Reading time: [rt_reading_time] minutes

The party chairs posing at the steps of the House of the Estates on Monday, June 3 2019. Picture: Tony Öhberg for Finland Today

On Monday, the incumbent government coalition, led by SDP’s Antti Rinne, announced their policy program, in which they stated their aim of making Finland a “socially, economically and ecologically sustainable society by 2030.”

As analysts had expected, the predominantly left-leaning coalition will try to achieve this goal by ending the era of austerity measures and increasing government spending by an estimated 1.2 billion euro in order to reinvigorate the welfare state, particularly in the fields of education, elderly care and research.



While the program promises to foster a “business-friendly and competitive” economic environment for entrepreneurs, such robust public spending and slogans about the economy being managed for the people, not the other way around, tend to make the business world wary of higher taxes, demanding labor laws and plenty of red tape.

But perhaps surprisingly, Rinne’s coalition has proposed no increase in income tax; what is more, lower income groups are likely to see a decrease in their income tax rate. Instead, the new government intends to offset the cost of their ambitious budget by increasing so-called “sin taxes,” namely taxes on alcohol, tobacco and fuel, which are estimated to bring around 700 million euro into government coffers.

Mika Kuismanen, the chief economist at Suomen Yrittäjät (The Federation of Finnish Enterprises), spoke for Finland Today about how the new government program might affect small and medium-sized entrepreneurs in Finland. In his analysis, “it won’t have a large impact. For instance, there is no change in dividend taxation. There is a small increase in VAT threshold, which is actually a good thing, but otherwise almost everything stays as it was,” he said, adding that “we were positively surprised with the program; taking into account the parties [that make up the coalition], we were expecting a less advantageous policy, but this was a good outcome.”

Kuismanen also commended the program “for moving from direct to indirect taxation,” referring to the taxes on alcohol, tobacco and fuel as a means of generating revenue.

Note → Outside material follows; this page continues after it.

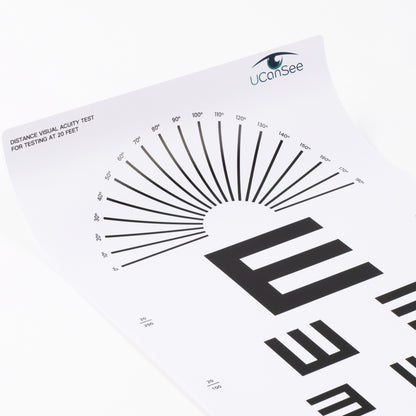 Tabla de agudeza visual UCanSee E con dial de astigmatismo para exámenes de la vista, 20 pies (11 x 24 pulgadas)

At the same time, however, he expressed concern “about the new government’s fiscal policy.” “Given the fact that the population is aging, this new expenditure could cause problems for Finland in the medium run,” he said.

It isn’t clear yet if the new government also intends to raise capital gains tax, but Kuismanen believes that “the increase in capital gains tax will not happen because the Centre Party strongly opposes such taxation.”

As the second biggest party in the coalition, the right-of-center party that traditionally stands for small businesses seems to have enough clout to ensure certain provisions are met in the government’s fiscal policy, especially since they will be holding ministerial portfolios for Finance and Economic Affairs.

There has also been some speculation on whether the new government would move to sell certain state-owned assets in order to close the budgetary gap. But Kuismanen warns that the state should only sell its assets if “the money is well spent. If you sell and then spend money on wages and everyday expenditures, it’s not so good. There has to be a strategic target, for instance, investment in infrastructure.”

Commenting on whether the new program offers any lucrative incentives for foreign entrepreneurs or businesses to come to Finland, Kuismanen said, “not especially. There are small matters, like a start-up program with a 10-million-euro budget, and they are trying to make it easier for companies to hire foreign workers. But otherwise, there are no major changes, not in terms that would benefit foreign companies and investors.”